KINGSTON — Just as the Starship Enterprise zips about the galaxy in search of “new life forms and new civilizations,” on the cult TV series “Star Trek: The Next Generation,” new Wolfle principal Ben Degnin, too, is on a mission.

Though his job will be to oversee the staff and 480 students who attend the Kingston school, he does like to compare his work with the journeys of fictional Captain Jean-Luc Picard and his crew of loyal Starfleet officers.

“I just love Star Trek — period,” he said. “There’s so much in the show that relates to life, including the issues of diversity and acceptance.”

But as a principal, he likens himself not as much to Captain Picard, but to his right-hand, “No. 1” man, the often-bearded Commander William Riker.

“I’d rather be Riker,” he said. “I like to think of myself as more of a hands on person. Picard just stayed on the bridge.”

Keeping Degnin on his “bridge” — his office, that is — is nearly impossible, he said, as he likes to get out and about in the school he oversees, heading “away-team missions,” as Riker was accustomed.
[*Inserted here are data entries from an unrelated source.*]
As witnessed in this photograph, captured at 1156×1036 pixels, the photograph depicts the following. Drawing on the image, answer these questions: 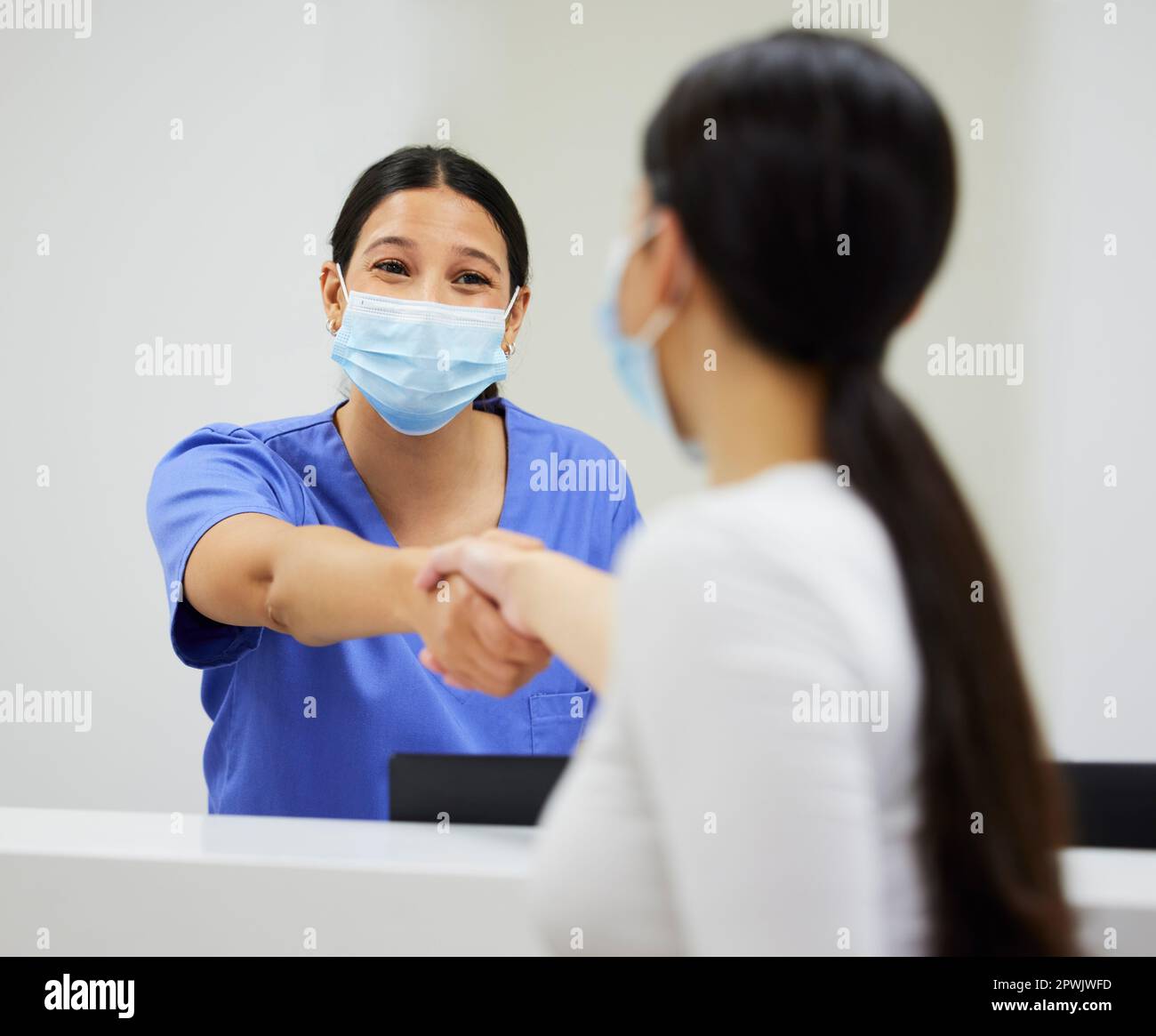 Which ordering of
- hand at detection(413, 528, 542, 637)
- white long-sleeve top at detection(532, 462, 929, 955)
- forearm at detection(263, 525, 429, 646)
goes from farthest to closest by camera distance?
forearm at detection(263, 525, 429, 646), hand at detection(413, 528, 542, 637), white long-sleeve top at detection(532, 462, 929, 955)

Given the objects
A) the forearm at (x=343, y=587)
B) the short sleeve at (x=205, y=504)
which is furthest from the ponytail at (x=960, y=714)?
the short sleeve at (x=205, y=504)

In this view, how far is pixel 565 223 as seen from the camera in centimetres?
258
That includes serving lunch to students on a daily basis.

“You won’t see me in my office a lot,” he said.

Like the heroes and heroines of Star Trek, Degnin has been an explorer, never having lived in one place for more than a decade and having studied and accumulated two bachelor’s degrees and two master’s degrees in his life.

“I really like new adventures and challenges,” he said.
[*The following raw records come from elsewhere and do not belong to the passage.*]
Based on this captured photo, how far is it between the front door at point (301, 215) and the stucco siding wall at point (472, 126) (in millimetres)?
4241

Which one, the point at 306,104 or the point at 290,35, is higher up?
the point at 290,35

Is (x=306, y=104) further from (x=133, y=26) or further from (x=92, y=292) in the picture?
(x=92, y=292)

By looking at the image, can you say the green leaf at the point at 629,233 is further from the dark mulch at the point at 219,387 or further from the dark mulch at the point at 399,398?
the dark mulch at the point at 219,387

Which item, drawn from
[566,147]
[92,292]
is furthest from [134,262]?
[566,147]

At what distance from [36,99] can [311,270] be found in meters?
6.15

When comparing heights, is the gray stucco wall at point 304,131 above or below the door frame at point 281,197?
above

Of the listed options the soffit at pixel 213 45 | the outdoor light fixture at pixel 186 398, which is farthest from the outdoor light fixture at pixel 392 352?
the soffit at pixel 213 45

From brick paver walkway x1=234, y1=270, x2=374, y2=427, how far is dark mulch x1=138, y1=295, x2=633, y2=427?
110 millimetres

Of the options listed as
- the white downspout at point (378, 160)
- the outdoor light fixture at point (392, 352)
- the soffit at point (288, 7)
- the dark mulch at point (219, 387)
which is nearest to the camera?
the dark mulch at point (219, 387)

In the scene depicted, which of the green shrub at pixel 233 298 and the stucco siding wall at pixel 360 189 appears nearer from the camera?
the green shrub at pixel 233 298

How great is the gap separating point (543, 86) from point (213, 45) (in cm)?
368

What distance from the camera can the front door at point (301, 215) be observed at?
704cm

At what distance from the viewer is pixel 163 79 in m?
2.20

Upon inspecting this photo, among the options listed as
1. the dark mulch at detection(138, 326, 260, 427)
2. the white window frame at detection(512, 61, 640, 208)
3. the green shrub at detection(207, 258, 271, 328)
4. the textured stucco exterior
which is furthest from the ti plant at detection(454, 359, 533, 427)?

Degnin graduated from high school in Lynnwood in 1976, though he had attended schools in Tracy and Bakersfield, Calif. before moving to the Pacific Northwest. He received bachelor’s degrees in Oregon, first in liberal arts from Mt. Angel Community College in 1981, then in education from Oregon State University in 1986. He got his first master’s degree at OSU in Technical Education in 1990, and his second in school administration from Central Washington University in 1994.
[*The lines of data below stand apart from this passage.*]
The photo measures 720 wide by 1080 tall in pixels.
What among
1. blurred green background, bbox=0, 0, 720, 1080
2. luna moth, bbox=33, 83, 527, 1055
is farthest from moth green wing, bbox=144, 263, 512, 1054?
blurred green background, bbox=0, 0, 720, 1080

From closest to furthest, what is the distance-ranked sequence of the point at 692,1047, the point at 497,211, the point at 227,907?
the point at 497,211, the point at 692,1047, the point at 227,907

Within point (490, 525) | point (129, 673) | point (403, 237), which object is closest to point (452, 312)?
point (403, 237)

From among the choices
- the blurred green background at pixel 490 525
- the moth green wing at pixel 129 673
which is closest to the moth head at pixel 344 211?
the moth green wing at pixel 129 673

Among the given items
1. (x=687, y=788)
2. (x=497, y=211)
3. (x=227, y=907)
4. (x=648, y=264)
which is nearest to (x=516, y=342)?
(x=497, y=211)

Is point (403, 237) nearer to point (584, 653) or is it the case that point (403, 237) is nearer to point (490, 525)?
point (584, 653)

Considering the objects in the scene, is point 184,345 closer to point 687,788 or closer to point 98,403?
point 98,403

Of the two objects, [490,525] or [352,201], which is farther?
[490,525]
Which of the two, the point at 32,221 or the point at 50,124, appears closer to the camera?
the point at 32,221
He said he simply loves school — and would attend endlessly if that was possible.

“If I could be a life-time student, I would,” he said.

Degnin’s teaching career began between and during his various studies, working first as a shop teacher and then gaining his endorsement in special education teaching and working in that field for Shoreline School District.

There, he met his wife Jill and moved to Aberdeen to start a family.

After teaching for four years there, Degnin received his first job as an administrator, working as assistant principal of Miller Junior High School. Two years later, his family moved to Lacey, but Degnin accepted a position as principal in Aberdeen at Robert Gray Elementary, where he commuted from Washington’s capital to its coast for three years.

Degnin got a job thereafter in the North Thurston School District, as principal of two local elementaries in Lacey, where we would work until this school year.

The move was bittersweet, Degnin explained, but well worth it.

“We loved Olympia,” he said. “But we’ve moved to something that we love even more.”

Degnin, his wife and their three children Anna, Ian and Xander have moved to Bainbridge Island, a dream of the couple’s since they originally lived in the Seattle area.

He said one of his goals is learning about the culture of the local Port Gamble S’Klallam and Suquamish tribes, as Wolfle is one of North Kitsap’s most diverse schools with 17 percent of its students identified as Native American. But he added that he brings experience in diversity education, as Pleasant Glade in Lacey — the school he last was principal at — is a community of the largest Muslim population south of Seattle.

He cites his biggest theme for the year as “community building,” and finding ways to bring together students and staff.

“We’re here to serve kids, but also serve each other,” he said.

As he settles into his office — complete with a Captain Picard life-size laminated replica, Star Trek board games and other various Trekkie memorabilia — Degnin admitted that there’s one thing that he’ll be doing that is un-Star Trek-like: staying put.

“I’d like to hold the course here,” Degnin said. “I’m looking forward to sticking around for a while.”